O Terrorista do país subdesenvolvido, no entanto, não possui tais meios. Tem uma certa pureza, já que ao decapitar o cidadão provindo do país opressor, ele acha que poderá ai fazer algum tipo de pressão contra a força onipresente do Capital. Ele, diferentemente do país colonizador, ainda vê matar uma pessoa como algo grave, e quando mostra a morte em vídeo e a cores na internet livre, não poupa teatro para uma nação que está acostumada a ver sangue na televisão, e quer exprimir como a força de seu ato provém de uma situação extrema, resultante da degradação de seu povo e do povo de seu inimigo (já que agora é vítima), e que deveria pesar para os líderes políticos. Ele demonstra o sangue da vítima, escolhe alvos como escolas, hospitais e símbolos econômicos. Quer demonstrar que a gravidade de seu terror é alta. Paradoxalmente, é este terrorista que destaca o indivíduo, e o símbolo, não alvos estratégicos para a economia, em sua maioria, visa alvos morais, símbolos da manutenção daquele modo de vida,  no entanto, em sua ingenuidade não vê que a espada de seu inimigo já denuncia seu escudo. Aquele que conduz uma morte técnica em massa, promoverá uma reação ao ataque terrorista qualitativo igualmente técnica e quantitativa. A máquina de matar, que é o Capital (que mata muito mais que os terroristas qualitativos), pouco liga para o mundo da vida, a ele interessam os números: quantas pessoas, em números absolutos reagirão em contraposição aos seus interesses devido a aquele video? Poucas. Mas isso ainda é algo contornável se considerarmos o aparato técnico e instrumental que ele moverá para alterar estes números por meio da propaganda e manipulação da opinião do cidadão médio por meio da mídia.
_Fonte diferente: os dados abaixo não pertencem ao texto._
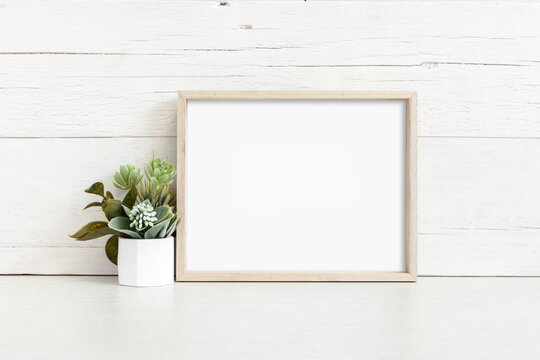 Mockup of a horizontal wooden frame on a light background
O minimalismo do terror ocidental é tão gigantesco que ele deseja não mais mostrar um pouco de horror. Ele demonstra apenas o horror em forma e furta-se do conteúdo. O terror ocidental é mais eficiente precisamente porque está mais rente ao conceito mesmo de terror. O oriente não conseguiu ainda desvincular o medo da vida, a guerra do drama, o mito do “fazimento” que para o ocidente é sem sentido e ritualístico e que no entanto é precisamente este conteúdo perdido, e portanto esta admiração secreta daquilo que lhe falta, que o ocidente deseja resgatar em suas vitórias de guerra quando, em suas relações públicas, diz defender a liberdade, ao executar seu terrorismo. Longe das denominações oficiais, o terrorismo apenas se diversificou.